In the previous post, I focused on loving kindness meditation for ourselves. In this post, I will discuss extending loving kindness to others. Often, though, these two approaches to loving kindness meditation are combined so that you can extend loving kindness to others and yourself in the one meditation.
Diana Winston, Director of Mindfulness Education at the Mindfulness Awareness Research Center (MARC) at the University of California, Los Angeles, provides an extended podcast for a loving kindness meditation that incorporates both approaches. This is one of a series of weekly meditation podcasts provided by MARC.
Guidelines for a loving kindness meditation focused on others
Diana suggests that in the first place you need to approach the meditation with a sense of curiosity, openness to whatever arises and a willingness to be with “what is” – whatever that may be, positive or negative emotions. She points out that whenever you try to cultivate a new meditation practice invariably obstacles will arise. So, we need to be open and present to these potential blockages because they will increase our self-awareness and dealing with them will improve our self-management.
Preparation for this form of meditation requires that you adopt a comfortable position or yoga pose. As Jack Kornfield reminds us, it is very difficult to extend loving kindness to others when you have a sore back because of a lack of back support.
Being grounded at the outset is important as with other forms of meditation. If you are sitting on a chair, this involves initially ensuring your feet are flat on the ground, you are sitting upright, your hands are in a comfortable position and you either close your eyes or look down to avoid distractions and centre your focus. A couple of deep breaths, followed by mindful breathing, can help to clear your mind and relax your body.
Loving Kindness Meditation Process
Typically, you will focus on someone who you love or appreciate – your partner, family member, close friend or supportive colleague. Ideally, it should be someone for whom you can readily develop kind thoughts and words of appreciation.
It is important to do two things – verbalise your kind thoughts and notice your bodily sensations. Verbalising involves stating what you wish for the other person, e.g. strength, resilience, happiness, joy, peace or calmness.
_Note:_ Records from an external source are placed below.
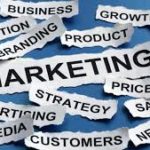 marketing jobs in dubai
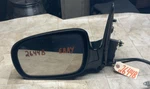 1999-2009 Montana 05-09 Uplander Driver Side Left Door Power Mirror Assembly. Fixed Price $66.29.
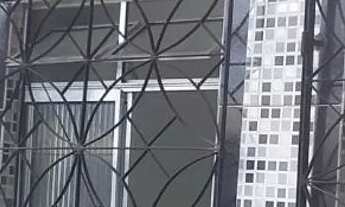 Imagem: Aluga-se casa em Paripe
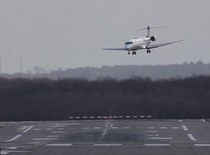 ������� � ����� 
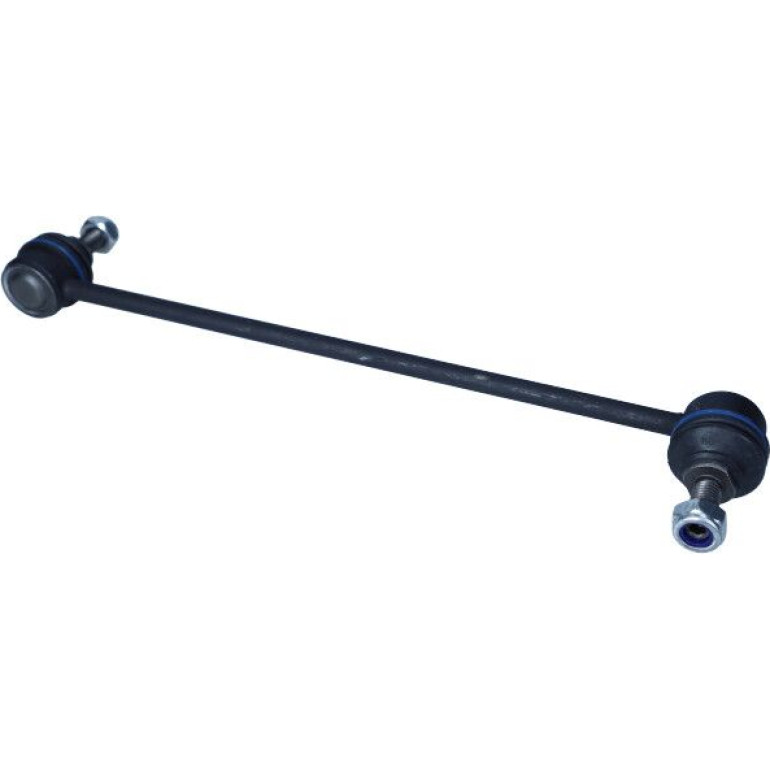 Stange/Strebe, Stabilisator 72-1475 Stange/Strebe, Stabilisator 72-1475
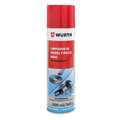 Limpiador de Frenos WURTH x 500mL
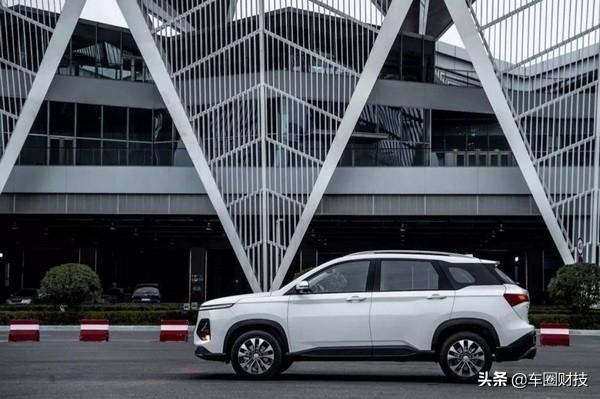 五菱最新报价,友情与陪伴的温馨之旅启动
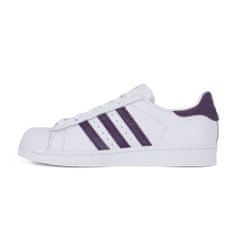 Adidas Cipők fehér 38 EU Superstar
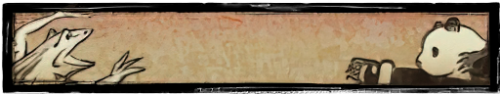 T_UI_CUS_PL_ShogoPanel_0069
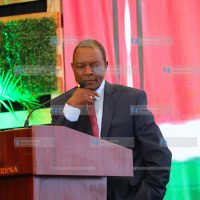 Second Economic and Sustainability Forum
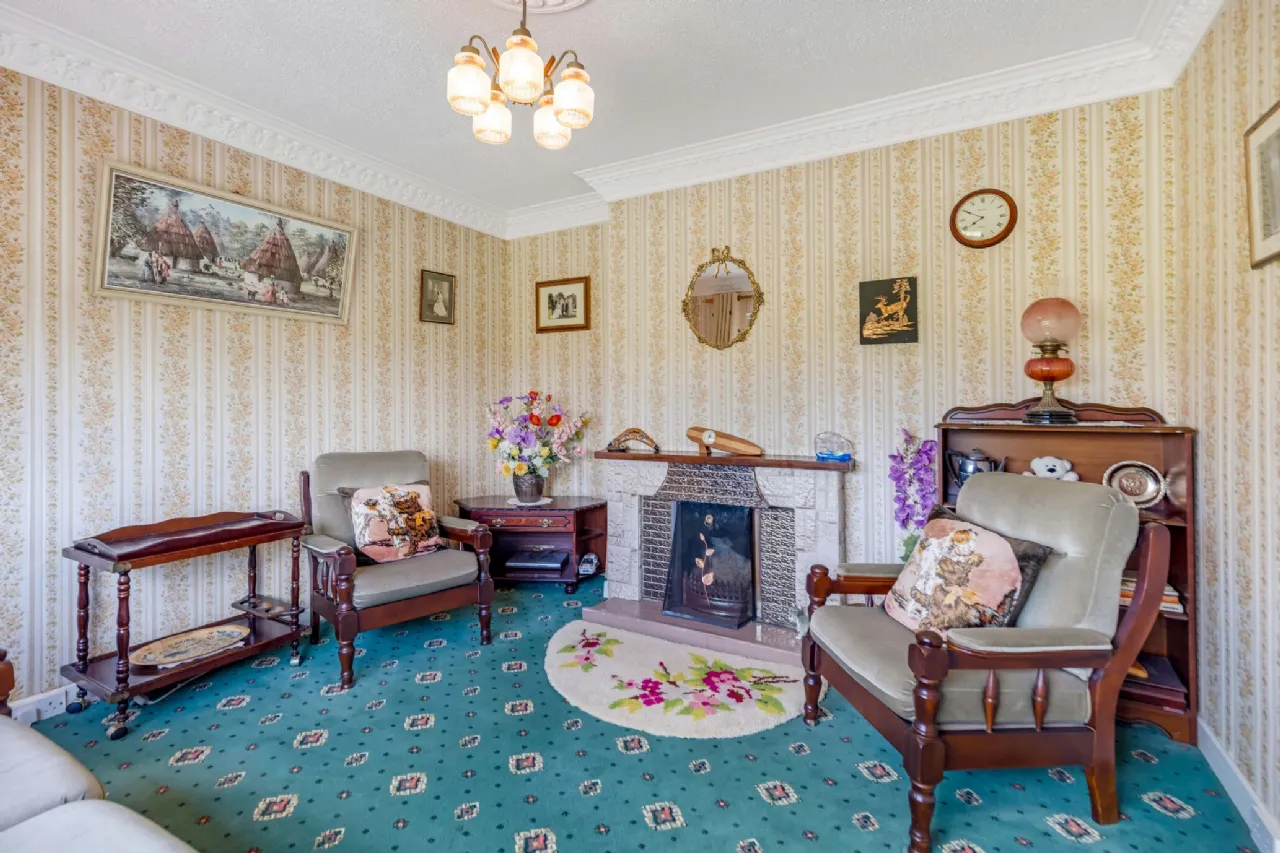 Photo of Aisling, Bodeen, Ratoath, Co Meath, A85 XT80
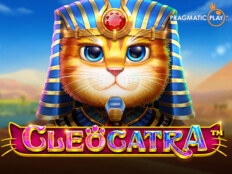 Lucky tiger casino codes. Betshop - yeni başlayanlar için ipuçları.61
It will help to envisage what you appreciate in the other person or what you love most about them, e.g. their generosity, sense of equity, courage, kindness to disadvantaged people, open heartedness, emotional support, balance or wisdom.
As you express kind thoughts in your meditation, you could notice your accompanying bodily sensations. These will become more pronounced as you progress with your loving kindness meditation because you will start to experience feelings of wellness, peace and happiness. These feelings can manifest in the slowing of your breath, a sense of calm or a slight vibration in your hands or feet as positive energy flows through you.
You can move onto other people who form part of your “field of love“. As you extend loving kindness to different cohorts, others will come to mind and you can incorporate them in your focus.
The more difficult thing to do is to extend loving kindness to people you find difficult for one reason or another. You soon learn what emotional blockages are getting in the road of your expressing positive feelings towards them. Again, it is important to stay with these feelings and work through them.
What usually helps is incorporating loving kindness towards yourself. This can be done by envisaging what someone in your “field of love” would extend to you. It can also be strengthened by picturing a recent hug received from them – so that the positive emotions of feeling valued, appreciated and loved can be revisited. Images, memories and sensations can heighten your positive feelings.
As you grow in mindfulness through loving kindness meditation, it will become easier and more natural to extend positive thoughts towards others. Jack Kornfield and Jon Kabat-Zinn reminds us that we become what we pay attention to.